Location
- 1340 West Harrison Street Chicago, Illinois 60607 United States

Information
- Type: Public primary school
- School district: Chicago Public Schools
- Grades: K-8
- Enrollment: 506 (2020-21)
- Website: www.cps.edu/schools/schoolprofiles/chicago-world-language-academy

= Chicago World Language Academy =

School in Chicago, Illinois, US

The Chicago World Language Academy was opened in 1894 to serve children from the crowded tenement community surrounding the Polk Street Station port of entry for immigrants. That year was started one of the first public schools kindergartens in Chicago, Illinois.
Since 1981 this school has offered foreign language instruction to Chicago's students. In 1988, the Chicago World Language Academy moved into a new and up-to-date facility.

==History==

The school opened in 1894 at what is now 820 South Carpenter Street. In 1989 the school moved to a new building at 1340 West Harrison Street. That location, a century prior, had been the first West Side Park, home of the baseball club now known as the Chicago Cubs.

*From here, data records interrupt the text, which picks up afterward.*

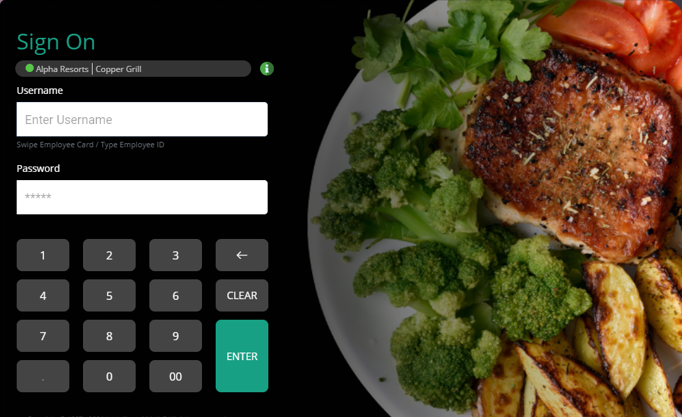 A screenshot of a menu

Description automatically generated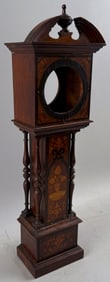 ENGLISH INLAID MAHOGANY WATCH HUTCH 19th Century Height 17.5".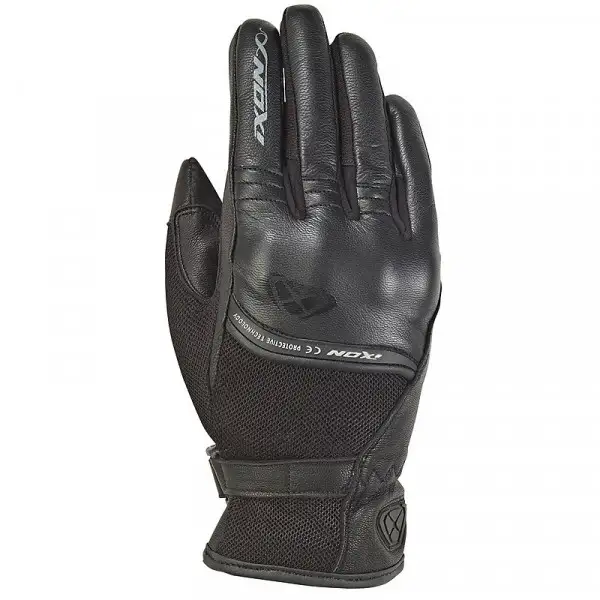 Guanti moto pelle e tessuto estivi Ixon RS SHINE 2 Nero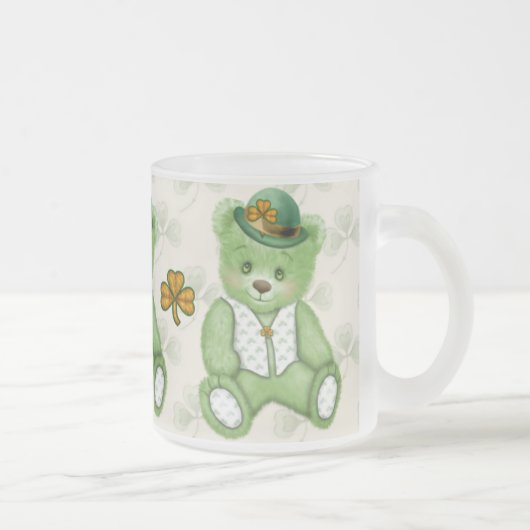 Irish Teddybear - Groen Matglas Koffiemok (Rechts)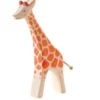 Holztier Giraffe groß laufend
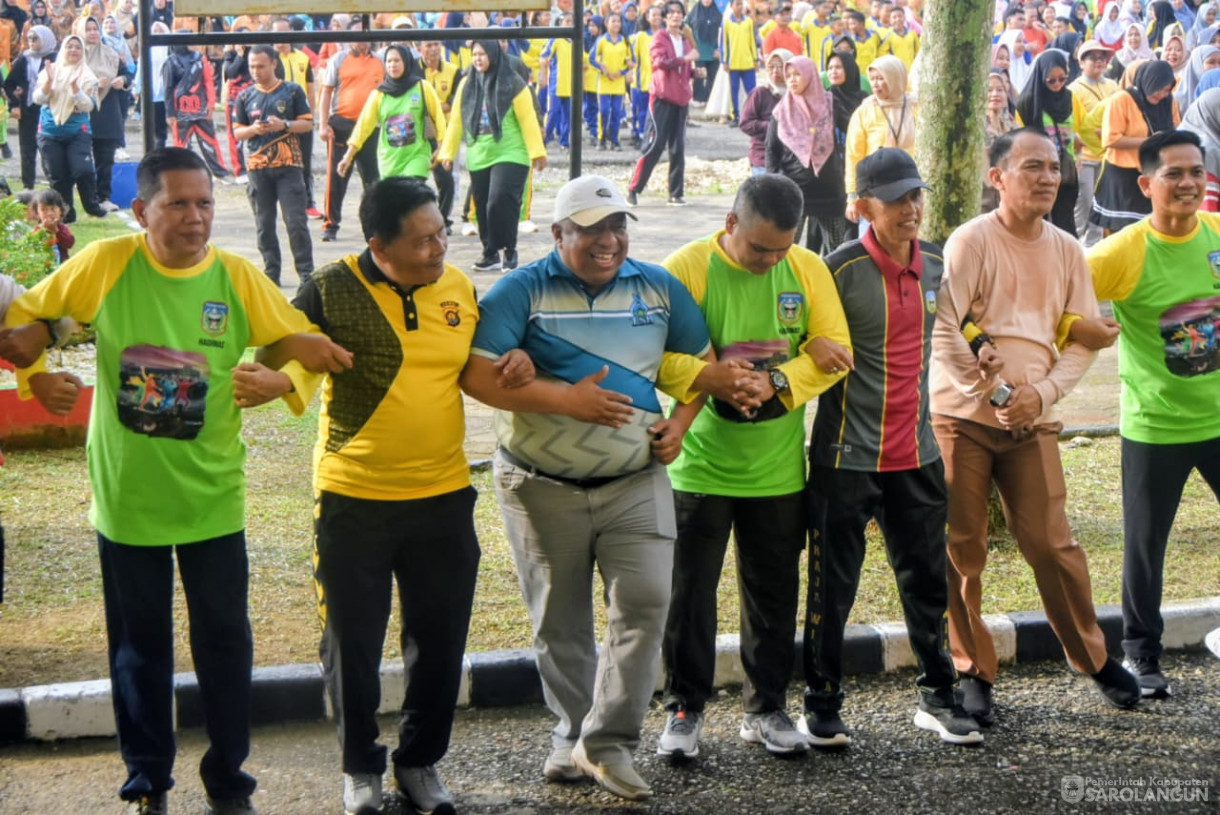 9 September 2025&nbsp; Senam Massal Dalam Rangka Memperingati Hari Olahraga Nasional Tahun 2025 di Sarolangun Sport Center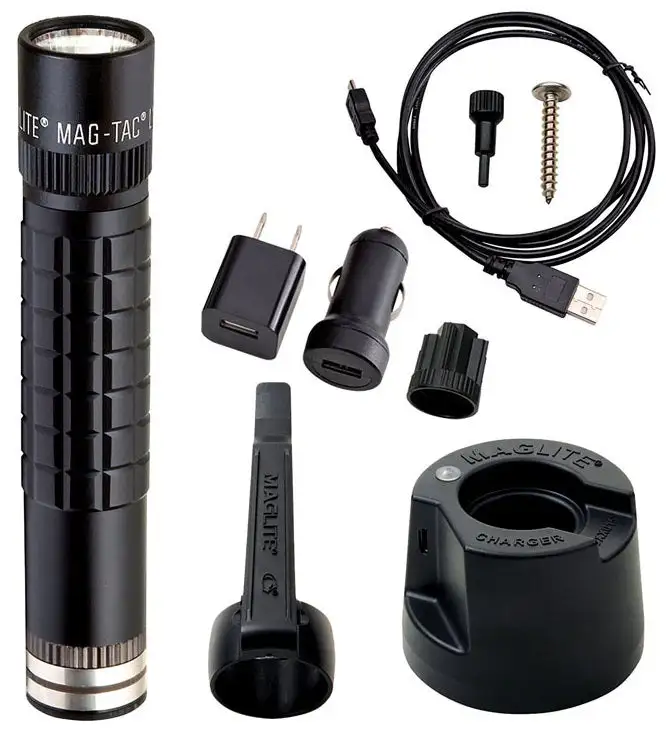 LED Flashlight Black - Reliable Light Electrical Repair Supplies Maglite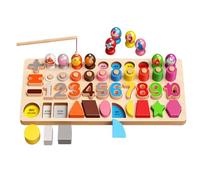 Puzzles de Nombres pour,Jouet Puzzle Bois 5 en 1 | Trieur de Formes Éducatif,pour Filles Garçons Élèves Enseignants Famille Activités de Groupe et Voyage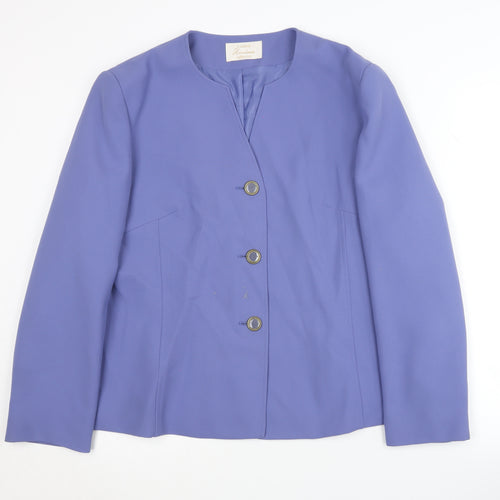 Eastex Womens Blue Blazer Size 16 Three-Button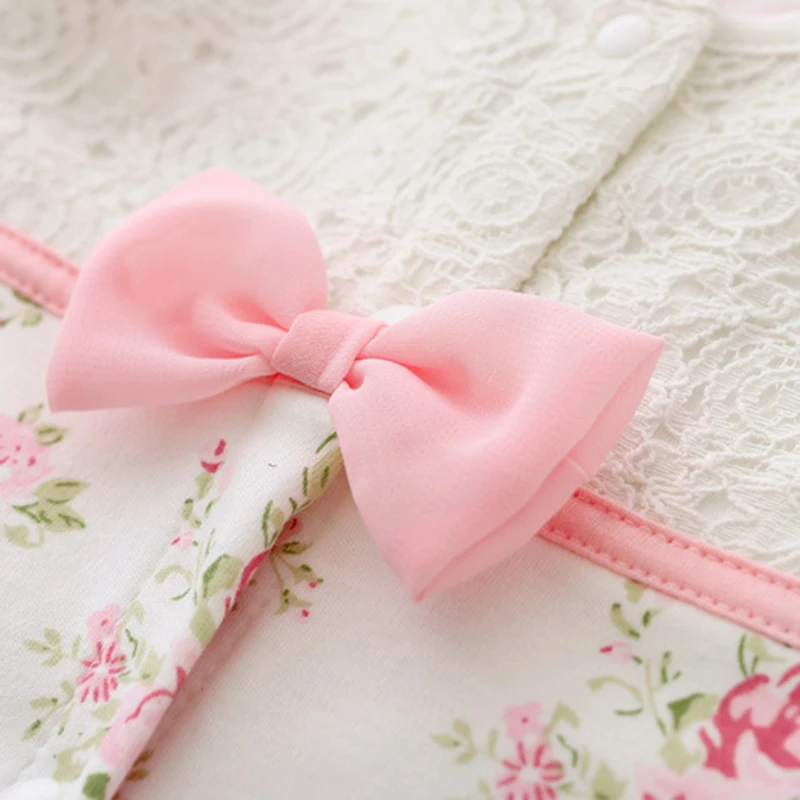 Комплекты для маленьких девочек от 0 до 10 месяцев кружевные цветочные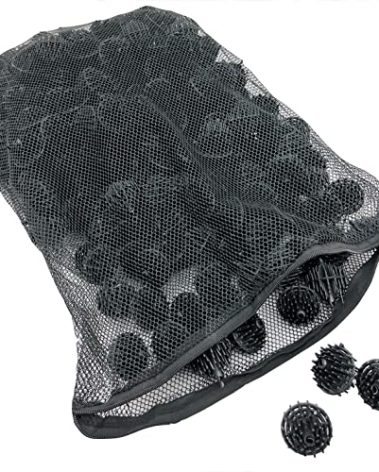 Aquarium Masters 300 Count 1.5 Inch Large Bio Balls Filter Media - Includes 18x14 Mesh Bag with Easy Access Zipper - Perfect Bio Balls for Pond Filter Media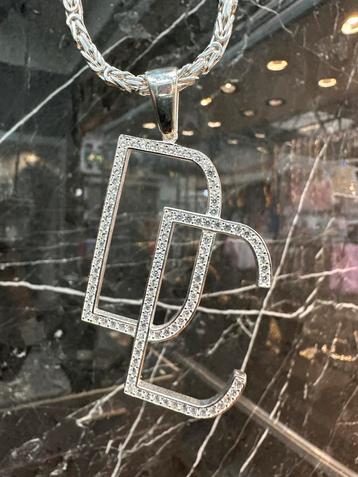 925 zilveren DC hanger met zirkonia  beschikbaar voor biedingen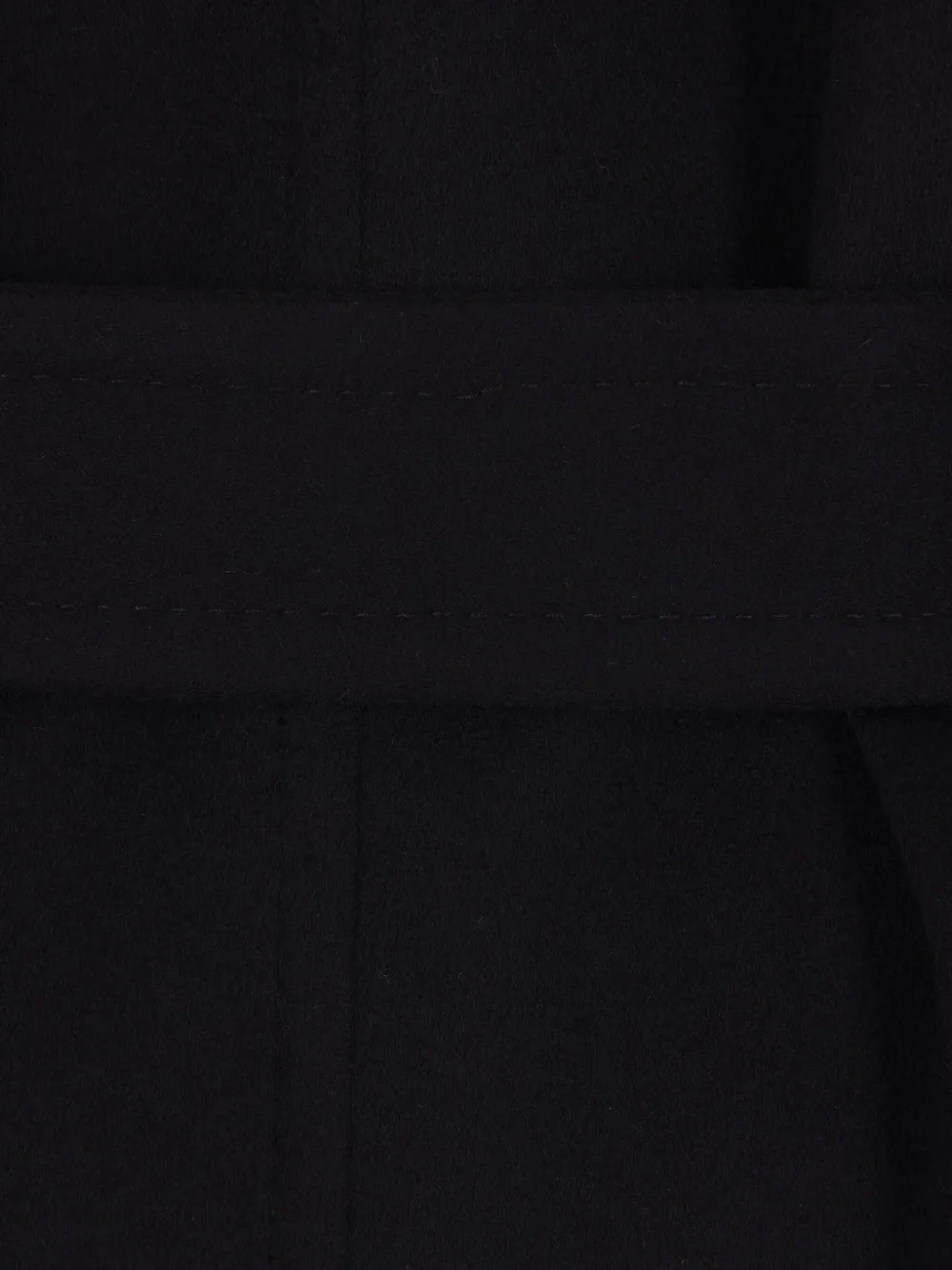 Tom Ford Double Splittable Wool Cashmere Shawl Coat Clothing In Black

The Andrew Jackson Language Academy was renamed to The Chicago World Language Academy in May 2020 due to concerns of being associated with Andrew Jackson, who participated in the slave trade and owned over 300 slaves in his lifetime.

==Languages==

The Chicago World Language Academy provides curriculum in four foreign languages. They are Japanese, French, Spanish, and Chinese.

==Grades==

The Chicago World Language Academy offers kindergarten through eighth grade. Each grade has two classes and two teachers. An exception is 4th 5th 6th 7th and 8th graders. They have a teacher for each subject. Classes normally have around 27/28 children each.